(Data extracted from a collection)
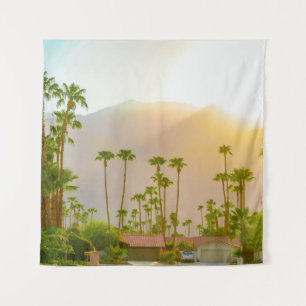 Palm Springs sunset day with mountains and palm tr Tapestry
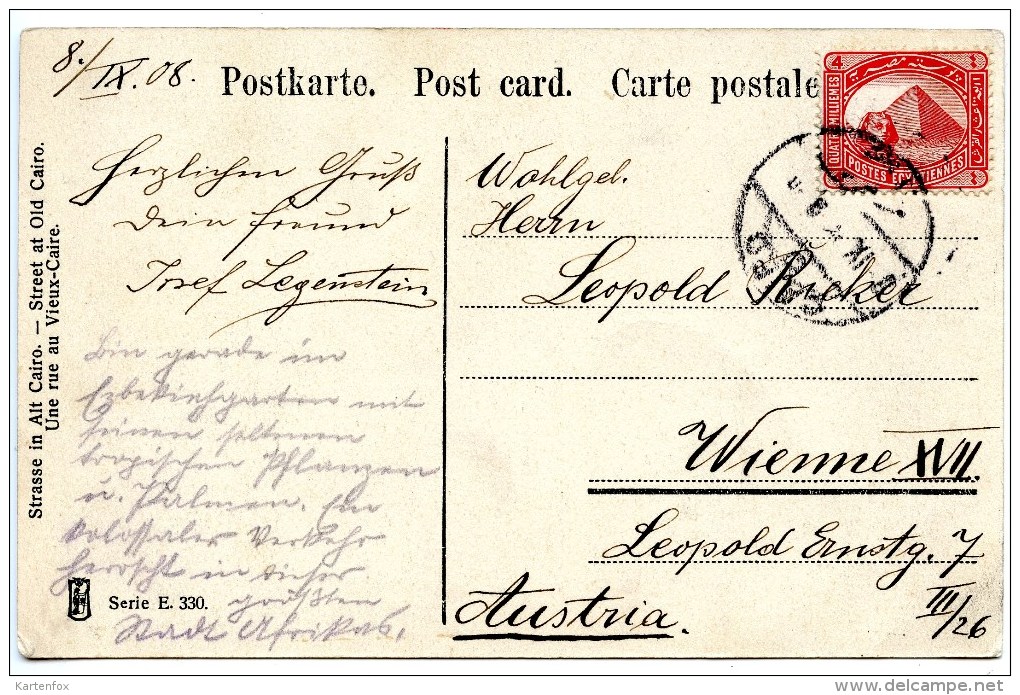 Kairo, Cairo, Street Old Cairo, Strasse, 8.9.1908, Stamp - Port Said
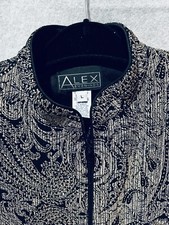 ALEX EVENINGS Jacket Lg Metallic Silver Gray Black-Bride s Mother Cruise Wedding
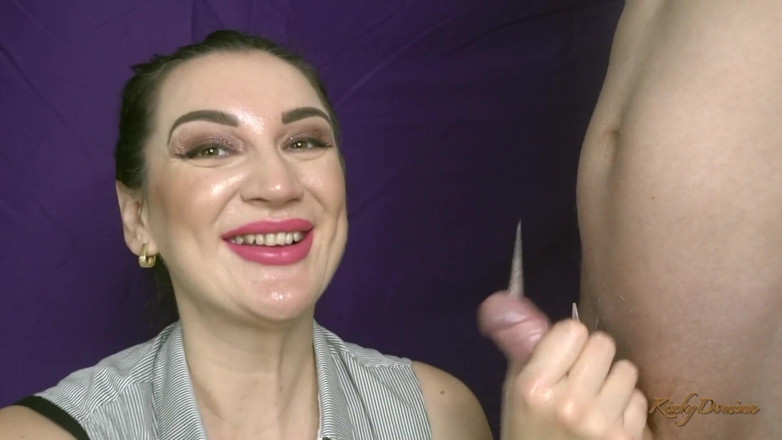 KinkyDomina: Super cumshot long stiletto nails handjob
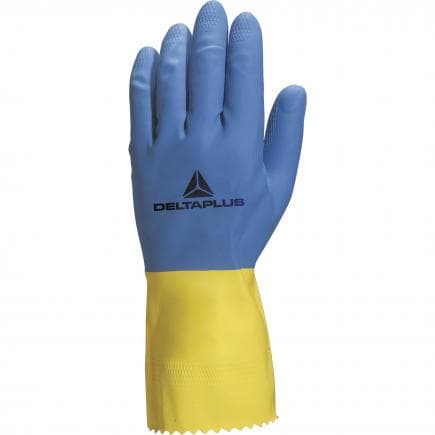 DELTA PLUS VE330BJ09 - Gant latex menage duocolor 330 bleu-jaune (lot muliple)
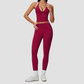 Wholesale Women's Deep-V Sleeveless Vest + Long Pants Yoga Set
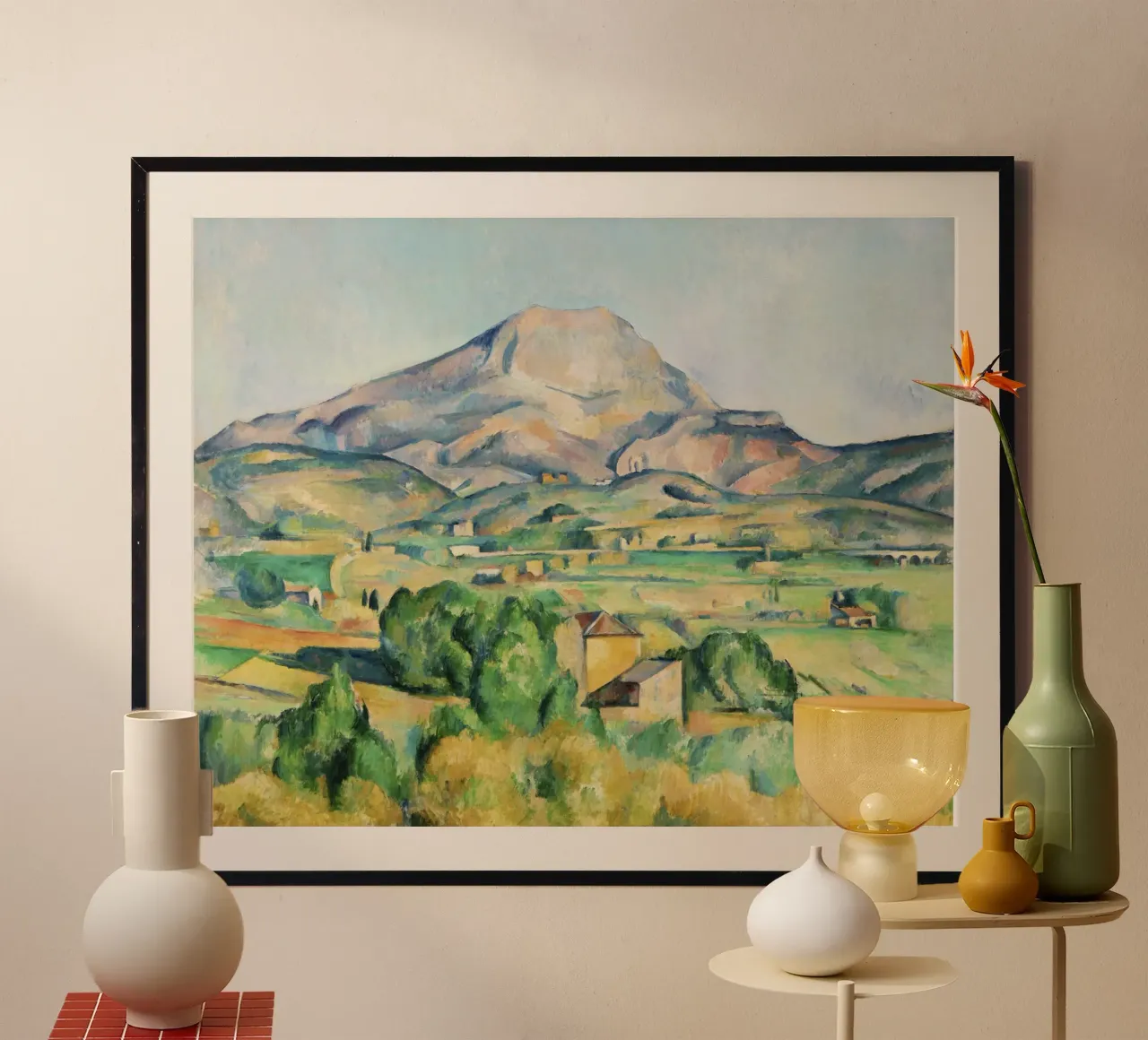 Mont Sainte-Victoire di Paul Cézanne poster con telaio in plastica da Venus Art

## Goal of the exercise
Since the pictures are not wanted, copy only the text of the records above, exactly.

## Answer box
 Palm Springs sunset day with mountains and palm tr Tapestry
 Kairo, Cairo, Street Old Cairo, Strasse, 8.9.1908, Stamp - Port Said
 ALEX EVENINGS Jacket Lg Metallic Silver Gray Black-Bride s Mother Cruise Wedding
 KinkyDomina: Super cumshot long stiletto nails handjob
 DELTA PLUS VE330BJ09 - Gant latex menage duocolor 330 bleu-jaune (lot muliple)
 Wholesale Women's Deep-V Sleeveless Vest + Long Pants Yoga Set
 Mont Sainte-Victoire di Paul Cézanne poster con telaio in plastica da Venus Art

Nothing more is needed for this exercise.